There’s still a glimmer of the small-town girl besotted by the great metropolis. “I used to secretly go to this Puerto Rican hole-in-the-wall joint,” she says, affecting a broad New York accent. “[I’d] have this yellow chicken. It was so divine … It wasn’t even organic, but it was delicious, and really good for hangovers, and then I looked around and saw Patti Smith doing the same thing with her band, and then I felt good.”
Moffatt spent “12 years going out”, but now her party days are over. “Well almost, not quite,” she laughs. She left New York because she missed nature – something she attributes to her Aboriginal side. (“I did not consider Central Park nature.”) That, and she can now stay in close touch with her American art dealer via the internet; when she left Australia, faxes were still de rigueur.
In 2010, Moffatt traded in Chelsea for Sydney’s McMahons Point, swapped the view of 10th Avenue’s grimy sidewalks for the azure waters of Berrys Bay.
The set piece of Spirited is the premiere of Art Calls, a TV series whose first two episodes were commissioned by GOMA and will eventually be shown online on ABC Arts. It’s a return to Moffatt-as-actor, who stars as a talk-show host Skyping into the homes and studios of various artists, writers, architects. She says it’s a heightened version of herself: “TV Tracey.” A surrealist credit sequence renders her like a spirit medium, ready to convene with the dead.
You can see the hallmarks of a director, as she cajoles her guests into telling stories and performing. The fact that she’s controlling has become something of a running joke. During a media tour the day before Spirited opens she’s still giving the curators instructions on lighting and hangings. When Wright delivered his first question at the public talk, Moffatt replied, “No, no, no. The question was supposed to be how does Art Calls sit within Spirited, the show, here at GOMA?” “Let’s do that then,” he laughs.
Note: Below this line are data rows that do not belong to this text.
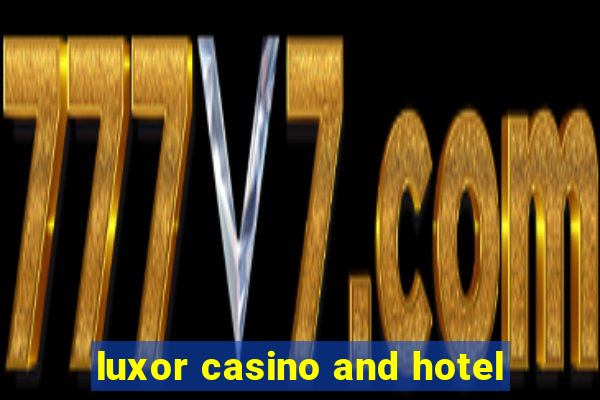 luxor casino and hotel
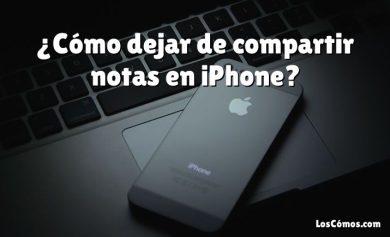 ¿Cómo dejar de compartir notas en iPhone?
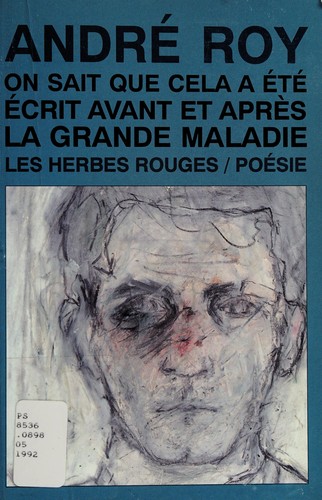 On sait que cela a été écrit avant et après la grande maladie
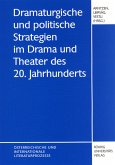 Dramaturgische und politische Strategien im Drama und Theater des 20. Jahrhunderts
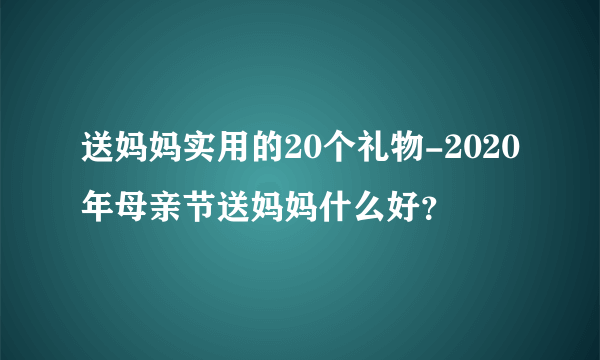 送妈妈实用的20个礼物-2020年母亲节送妈妈什么好？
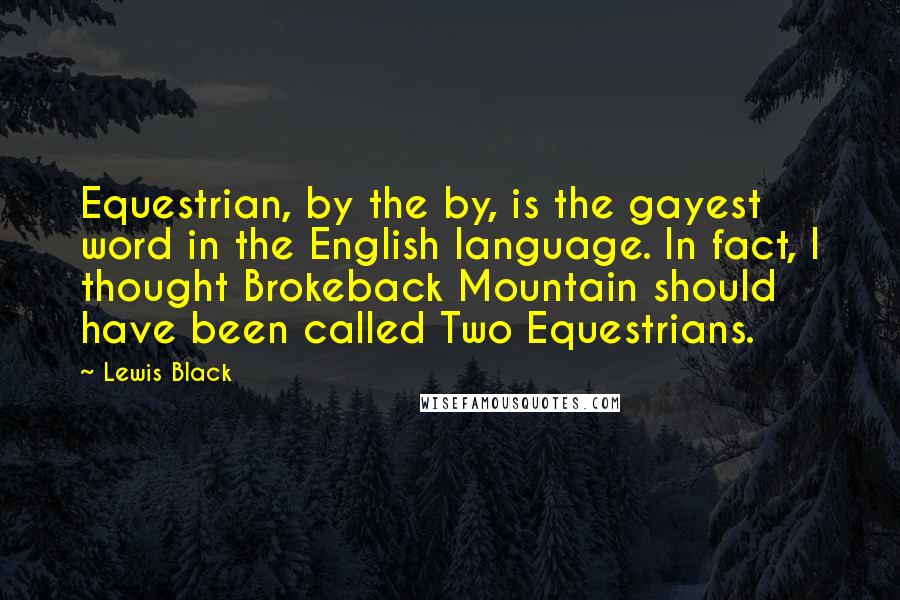 Lewis Black Quotes: Equestrian, by the by, is the gayest word in the English language. In fact, I thought Brokeback Mountain should have been called Two Equestrians.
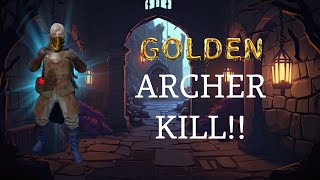 Golden Archer Kill !!  | Dark and Darker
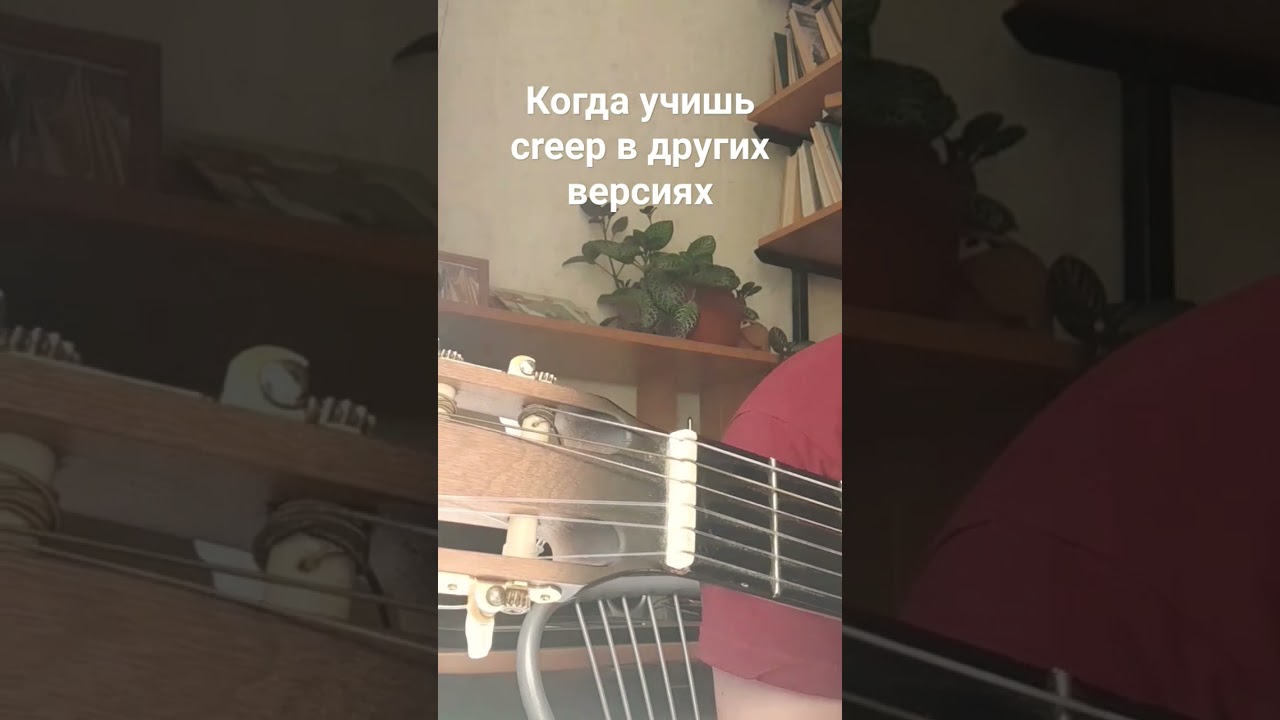 Когда учишь creep в других версиях. When u are learning different versions the song creep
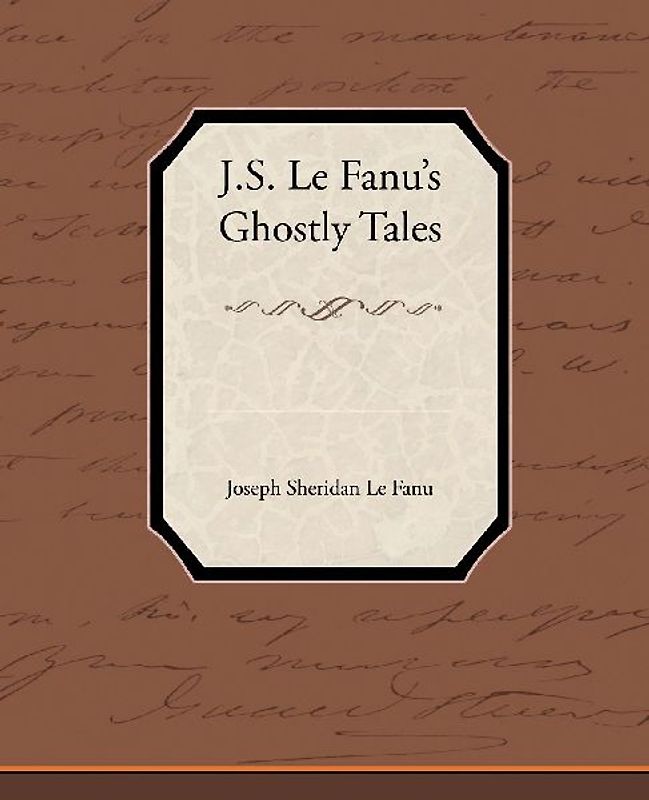J.S. Le Fanu S Ghostly Tales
She says she wanted people around her, old friends and new. “It’s Tracey Moffatt, and her work, with the others,” she says. “It’s me, it’s Tracey Moffatt wanting the company.” Throughout Spirited, other artists’ work, selected by Moffatt from GOMA’s permanent collection, is shown in dialogue with hers.
Whenever she doesn’t want to answer one of my questions she segues into talking about the work of others: the great minimalists, Agnes Martin and Bridget Riley; her beloved Southern writers, Carson McCullers, Truman Capote and Katherine Anne Porter; accounts of colonial history. Before she goes to sleep at night she likes to read about shipwrecks, to unwind.
Just as she doesn’t like talking about her art, she says she finds it painful to even look at it in the gallery. “It’s a sort of, this is a little bit extreme, but it’s like almost a … a self-hate. Not a hate, but that I’ve exposed something and I’m a little ashamed of it. A little … It’s an old idea. It was in my head two years ago and now it’s on the wall and I’m done with it and the next thing is now going on inside. That’s what’s got to come out.”
I ask her about unrealised ambitions, and she says she doesn’t really have any. For Moffatt, success is being able to keep making art. She tells me why she finds tales of shipwrecks so comforting. “I like the survival stories. And that’s what it’s like being an artist, it’s surviving and it’s your next body of work. You’re all alone and nobody’s coming to save you.”